[Short web captions]

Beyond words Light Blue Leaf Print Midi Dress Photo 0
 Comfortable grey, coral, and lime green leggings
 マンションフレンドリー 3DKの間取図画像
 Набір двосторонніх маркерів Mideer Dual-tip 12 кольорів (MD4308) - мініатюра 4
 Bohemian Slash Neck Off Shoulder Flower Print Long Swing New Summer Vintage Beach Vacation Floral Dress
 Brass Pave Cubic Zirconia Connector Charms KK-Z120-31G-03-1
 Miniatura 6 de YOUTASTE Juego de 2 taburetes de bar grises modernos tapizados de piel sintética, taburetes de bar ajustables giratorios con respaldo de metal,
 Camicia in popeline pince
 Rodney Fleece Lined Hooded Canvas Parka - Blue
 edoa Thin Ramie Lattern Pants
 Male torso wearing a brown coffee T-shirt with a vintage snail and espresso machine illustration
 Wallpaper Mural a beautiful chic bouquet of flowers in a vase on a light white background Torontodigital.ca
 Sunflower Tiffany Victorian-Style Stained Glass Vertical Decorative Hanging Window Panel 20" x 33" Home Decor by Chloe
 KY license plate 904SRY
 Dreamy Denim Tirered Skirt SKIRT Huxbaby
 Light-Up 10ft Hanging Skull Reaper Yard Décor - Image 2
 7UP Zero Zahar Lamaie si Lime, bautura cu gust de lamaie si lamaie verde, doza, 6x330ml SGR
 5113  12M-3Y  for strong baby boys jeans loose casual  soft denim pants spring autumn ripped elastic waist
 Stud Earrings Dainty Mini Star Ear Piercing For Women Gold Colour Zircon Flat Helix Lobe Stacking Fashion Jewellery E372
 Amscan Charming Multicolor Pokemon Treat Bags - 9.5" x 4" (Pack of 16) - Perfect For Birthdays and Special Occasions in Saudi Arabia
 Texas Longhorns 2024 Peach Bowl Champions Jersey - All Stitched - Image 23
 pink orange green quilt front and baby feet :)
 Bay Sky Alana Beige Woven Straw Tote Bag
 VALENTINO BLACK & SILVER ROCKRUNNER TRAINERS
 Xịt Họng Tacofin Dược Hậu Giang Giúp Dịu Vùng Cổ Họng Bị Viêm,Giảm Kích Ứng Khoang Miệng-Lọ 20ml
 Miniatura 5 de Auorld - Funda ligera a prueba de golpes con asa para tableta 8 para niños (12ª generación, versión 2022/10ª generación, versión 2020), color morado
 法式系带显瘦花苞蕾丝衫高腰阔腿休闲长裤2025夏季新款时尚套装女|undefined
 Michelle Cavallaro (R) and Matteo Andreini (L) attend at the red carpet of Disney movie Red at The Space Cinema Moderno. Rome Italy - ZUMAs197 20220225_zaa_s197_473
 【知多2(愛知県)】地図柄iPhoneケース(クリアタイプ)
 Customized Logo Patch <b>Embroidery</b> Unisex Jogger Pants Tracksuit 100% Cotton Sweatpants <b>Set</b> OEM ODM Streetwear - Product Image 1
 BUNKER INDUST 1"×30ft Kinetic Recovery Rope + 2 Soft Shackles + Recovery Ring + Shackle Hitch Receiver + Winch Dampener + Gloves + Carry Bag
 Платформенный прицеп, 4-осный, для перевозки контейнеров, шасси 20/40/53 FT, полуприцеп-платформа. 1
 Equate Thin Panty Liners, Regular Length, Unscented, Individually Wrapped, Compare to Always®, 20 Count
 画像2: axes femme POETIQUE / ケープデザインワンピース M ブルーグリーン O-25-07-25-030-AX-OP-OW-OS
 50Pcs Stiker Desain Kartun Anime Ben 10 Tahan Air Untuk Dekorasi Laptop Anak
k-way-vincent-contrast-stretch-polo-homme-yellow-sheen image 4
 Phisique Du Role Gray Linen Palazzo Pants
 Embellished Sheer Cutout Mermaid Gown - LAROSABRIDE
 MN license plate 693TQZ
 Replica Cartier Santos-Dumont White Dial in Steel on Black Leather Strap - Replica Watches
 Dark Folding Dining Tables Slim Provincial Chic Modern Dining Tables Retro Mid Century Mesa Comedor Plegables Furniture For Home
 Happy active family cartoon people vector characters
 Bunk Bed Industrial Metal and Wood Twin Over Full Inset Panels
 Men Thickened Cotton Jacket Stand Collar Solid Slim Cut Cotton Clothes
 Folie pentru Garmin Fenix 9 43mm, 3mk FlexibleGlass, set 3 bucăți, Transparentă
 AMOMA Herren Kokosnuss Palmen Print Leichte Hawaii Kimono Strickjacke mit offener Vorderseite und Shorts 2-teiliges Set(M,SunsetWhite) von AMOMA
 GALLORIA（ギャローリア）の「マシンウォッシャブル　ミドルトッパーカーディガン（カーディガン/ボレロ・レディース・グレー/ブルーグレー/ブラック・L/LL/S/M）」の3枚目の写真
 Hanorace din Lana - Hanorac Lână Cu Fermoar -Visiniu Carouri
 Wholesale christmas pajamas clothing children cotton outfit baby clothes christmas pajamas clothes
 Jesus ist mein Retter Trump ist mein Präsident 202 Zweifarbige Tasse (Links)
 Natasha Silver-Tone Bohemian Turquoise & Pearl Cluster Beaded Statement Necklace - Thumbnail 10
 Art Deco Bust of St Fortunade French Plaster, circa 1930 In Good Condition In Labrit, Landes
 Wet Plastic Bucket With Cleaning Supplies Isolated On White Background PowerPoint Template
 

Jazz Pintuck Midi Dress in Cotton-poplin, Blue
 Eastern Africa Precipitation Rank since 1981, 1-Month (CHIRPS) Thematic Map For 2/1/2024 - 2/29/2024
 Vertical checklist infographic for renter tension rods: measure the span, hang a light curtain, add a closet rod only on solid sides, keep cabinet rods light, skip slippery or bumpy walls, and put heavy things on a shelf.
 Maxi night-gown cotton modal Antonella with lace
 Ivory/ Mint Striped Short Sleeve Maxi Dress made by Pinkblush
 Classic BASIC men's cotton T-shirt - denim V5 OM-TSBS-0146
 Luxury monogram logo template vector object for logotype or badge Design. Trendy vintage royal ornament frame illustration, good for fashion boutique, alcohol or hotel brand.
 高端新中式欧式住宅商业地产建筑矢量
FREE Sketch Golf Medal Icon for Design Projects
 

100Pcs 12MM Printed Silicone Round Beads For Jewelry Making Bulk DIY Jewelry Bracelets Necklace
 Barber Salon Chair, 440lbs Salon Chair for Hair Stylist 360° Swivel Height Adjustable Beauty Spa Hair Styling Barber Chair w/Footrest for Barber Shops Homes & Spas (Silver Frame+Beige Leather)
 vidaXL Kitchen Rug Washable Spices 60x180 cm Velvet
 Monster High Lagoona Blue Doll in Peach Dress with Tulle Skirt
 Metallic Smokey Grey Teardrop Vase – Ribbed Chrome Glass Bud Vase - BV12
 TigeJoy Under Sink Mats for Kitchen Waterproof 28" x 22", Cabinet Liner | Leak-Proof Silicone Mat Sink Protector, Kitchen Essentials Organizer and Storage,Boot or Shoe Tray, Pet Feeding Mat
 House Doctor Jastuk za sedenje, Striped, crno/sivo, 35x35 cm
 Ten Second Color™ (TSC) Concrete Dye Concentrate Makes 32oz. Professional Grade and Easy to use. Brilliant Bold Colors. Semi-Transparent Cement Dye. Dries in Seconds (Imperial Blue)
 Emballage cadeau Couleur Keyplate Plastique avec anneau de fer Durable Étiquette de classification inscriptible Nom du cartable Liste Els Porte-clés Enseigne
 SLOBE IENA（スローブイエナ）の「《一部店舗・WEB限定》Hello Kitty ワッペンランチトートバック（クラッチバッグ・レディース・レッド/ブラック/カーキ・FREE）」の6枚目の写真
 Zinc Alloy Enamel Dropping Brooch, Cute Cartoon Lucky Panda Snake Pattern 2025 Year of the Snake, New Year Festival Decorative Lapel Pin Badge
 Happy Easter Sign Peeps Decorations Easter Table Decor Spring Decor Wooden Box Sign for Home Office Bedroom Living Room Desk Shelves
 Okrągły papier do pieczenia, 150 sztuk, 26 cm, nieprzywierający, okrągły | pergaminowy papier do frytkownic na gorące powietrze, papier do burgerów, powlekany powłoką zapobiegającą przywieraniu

* _PROBLEM STATEMENT_: From the entries above, return exactly the line containing "Comfortable grey, coral, and", the line containing "Bohemian Slash Neck", and all lines between, and nothing else.

* _RESPONSE BELOW_:
 Comfortable grey, coral, and lime green leggings
 マンションフレンドリー 3DKの間取図画像
 Набір двосторонніх маркерів Mideer Dual-tip 12 кольорів (MD4308) - мініатюра 4
 Bohemian Slash Neck Off Shoulder Flower Print Long Swing New Summer Vintage Beach Vacation Floral Dress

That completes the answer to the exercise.